That's the crux of it. Linked data takes well-known patterns on the web (linking, dereferencing, etc.) and applies them to data, which in this case could be metadata for identifying institutions.
Let's examine each of the requirements and the applicability of linked data thereto.
- Should be agnostic to type of institution, e.g., libraries, museums, personal collections, historical societies: The web is already agnostic to type of institution. HTTP URIs do not favor one type of institution over another.
- Should handle varying institutional granularity, e.g., institution-level, campus-level, division-level, unit-level: HTTP URIs are flexible in this regard. Hierarchy, should one wish it to be surfaced in the identifier, may be encoded in either a DNS hostname or the path appended to the DNS name. One can imagine a URI like "http://department.division.institution.tld/unit/subunit" or "http://institution.tld/campus/office/individual".
Hierarchy needn't be surfaced in the identifier if one favors opacity, in which case "http://registry.tld/xnjsdasd" would suffice as an identifier, and may instead be entirely reflected in the (RDF) representation returned by dereferencing the URI. - Should handle linking among institutions and subordinate units: Linked data handles linking via well-known HTTP mechanisms, referenced in the fourth principle of linked data. Unlike the HTTP link, which has limited semantics, linked data links are semantically rich and extensible.
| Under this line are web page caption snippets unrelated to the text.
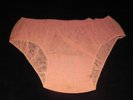 ALICE COOPER SCHOOL'S OUT WARNER BROS 2623 WITH ORIGINAL PINK PANTIES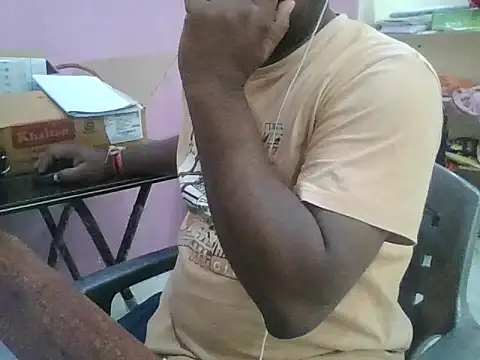 ITGuyhyd online show from February 2026 06:20:01 AM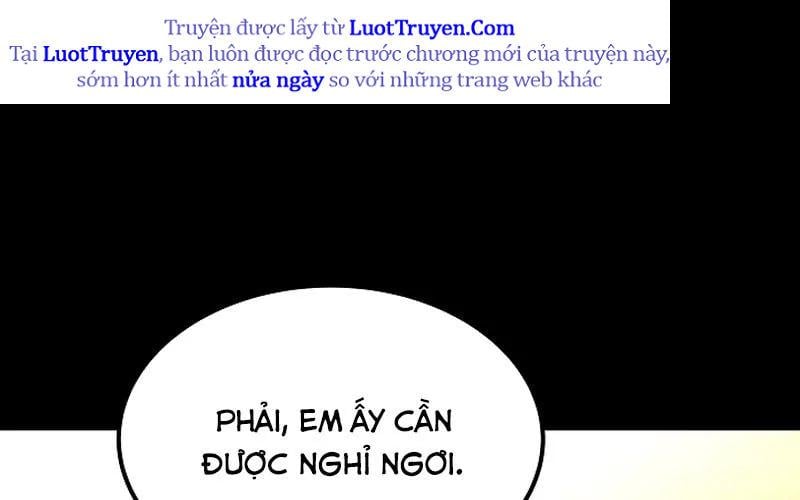 Tài Xế Taxi Đứa Con Của Bóng Tối Chap 8 - Next Chap 9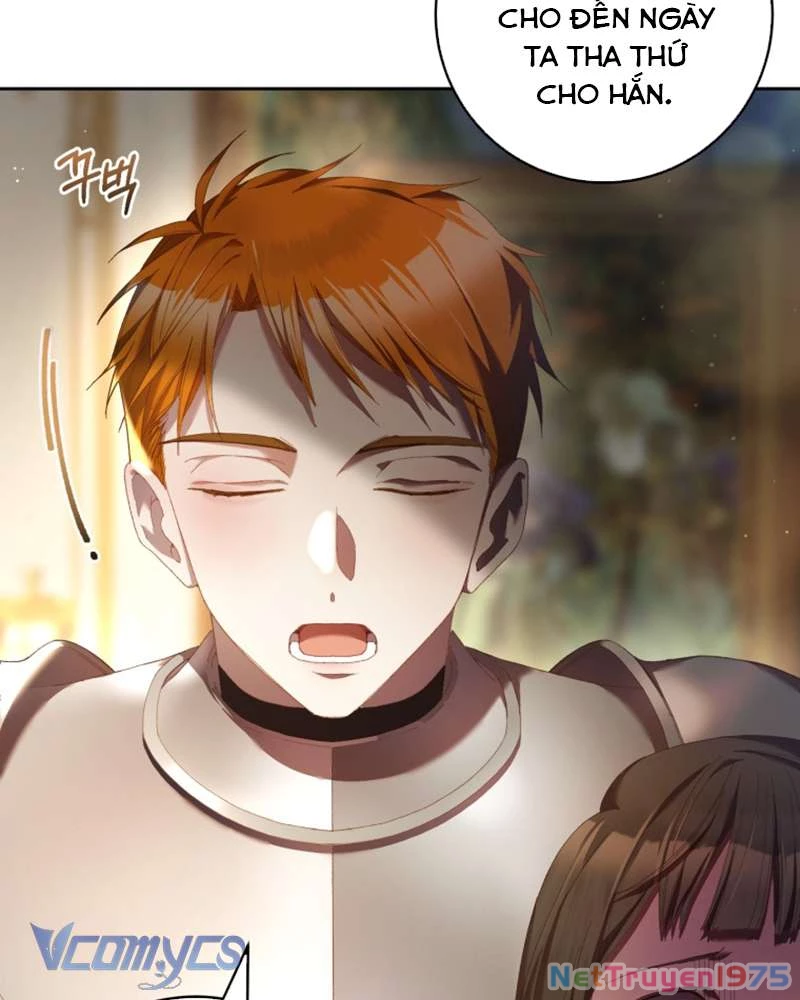 Em Trai Tôi Là Hoàng Đế Ngang Ngược Chapter 38 - Trang 2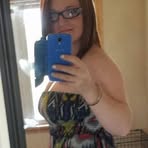 Alicia Tabor - Facebook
- Should express different sorts of relationships among these institutions and units: The "useful information" in the third principle of linked data is typically provided by an RDF representation, which is itself a list of assertions. These assertions, or triples, consist of subjects, predicates, and objects. The ability to express the relationships in this requirement is limited only by the availability of vocabularies that contain sets of predicates and classes for subjects and objects. Think of the predicates as elements defined within a metadata standard, e.g., Dublin Core "creator", MODS "relatedItem", and so forth. Vocabularies that contain these predicates and classes are growing and evolving daily, and should there not be a vocabulary that contains the relationship one wishes to express, it is fairly easy to create a custom vocabulary.
The ability to mix and match vocabularies provides an expressiveness that is often not found in document-based metadata formats and the flexibility to express radically different relationships on a per-industry or per-institution basis. This latter point is important as the I2 group has identified both core metadata elements for identifying institutions of different types and additional elements for specific types of institutions. Why re-invent a new metadata format or schema when all one needs to express may already be contained in others? - Should relate to existing relevant identifiers and registries: Same as requirement#4. Linked data is all about expressing relationships between things, e.g., institutions, identifiers, registries, etc.
- Should be globally unique: HTTP URIs are guaranteed to be globally unique by virtue of the distributed DNS system and hierarchical naming within each HTTP service.
- Should be actionable: HTTP URIs provide dereferenceability/actionability via the well-known HTTP protocol.
- Should enable retrieval of metadata sufficient to identify the institution, which may vary widely by institution: HTTP URIs are actionable per requirement #7 and the metadata returned is flexible per requirement #4.
- Should accommodate changes as institutions come and go and re-organize and be able to relate defunct institutions to new ones: Linked data patterns provide for redirecting from defunct representations (institutional identifiers) to new ones via HTTP redirects. One may also add assertions to institutional metadata such as owl:sameAs, for instance, which says that the institution identified by the given URI is the same as another institution identified by another URI.
This seems like a compelling path to follow for the I2 standard.
The I2 repositories subgroup will be sending out its survey on identifier use cases in the coming week. It will be interesting to see if the requirements we have thus far identified still obtain in light of the data we collect from the survey. If so, I would like to explore the idea of linked data for institutional identifiers a bit more.